Since I prefer to return early than try to mutate the return value.

I will run your code and see if I can hit the same error, then try my hunches and see what happens.

HowardALandman commented 4 years ago

$ python3 -m pip show spidev says I have version 3.4 on all machines.

I don't think tuple-vs-list matters. In my original it was a list and the bug still happened (inside of list_ass_item()). I changed it to a tuple to see if that would fix it; it didn't.

Gadgetoid commented 4 years ago

I'm currently on batch = -57400001 which I assume is 57m calls. Running at 80MHz but wiggling the pins into thin air so it doesn't matter.

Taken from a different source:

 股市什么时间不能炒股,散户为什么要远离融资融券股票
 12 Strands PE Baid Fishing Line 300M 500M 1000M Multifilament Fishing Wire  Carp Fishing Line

Will see what I run into at the 107.4M mark.

Edit: now at batch = -118600001 - I deeply suspect this has already been fixed.

HowardALandman commented 4 years ago

Nod, I upgraded to 3.5 and on the RPi4 it's passed 227M with no problem, and 118M on the RPi3B+. I'll let both machines run for a bit longer. If they both look good, I'll run my original full program on the RPi3B+ with the TDC7201 attached, but that'll take a day. And bump the tdc7201 module's setup.py to require spidev>=3.5.

Gadgetoid commented 4 years ago

Thanks and good luck! It's handy to have someone else helping bash the rough edges off this library.

HowardALandman commented 4 years ago

Full program has run ~200M full measurement cycles without hitting this error, so I'm marking it fixed on my own software. :-)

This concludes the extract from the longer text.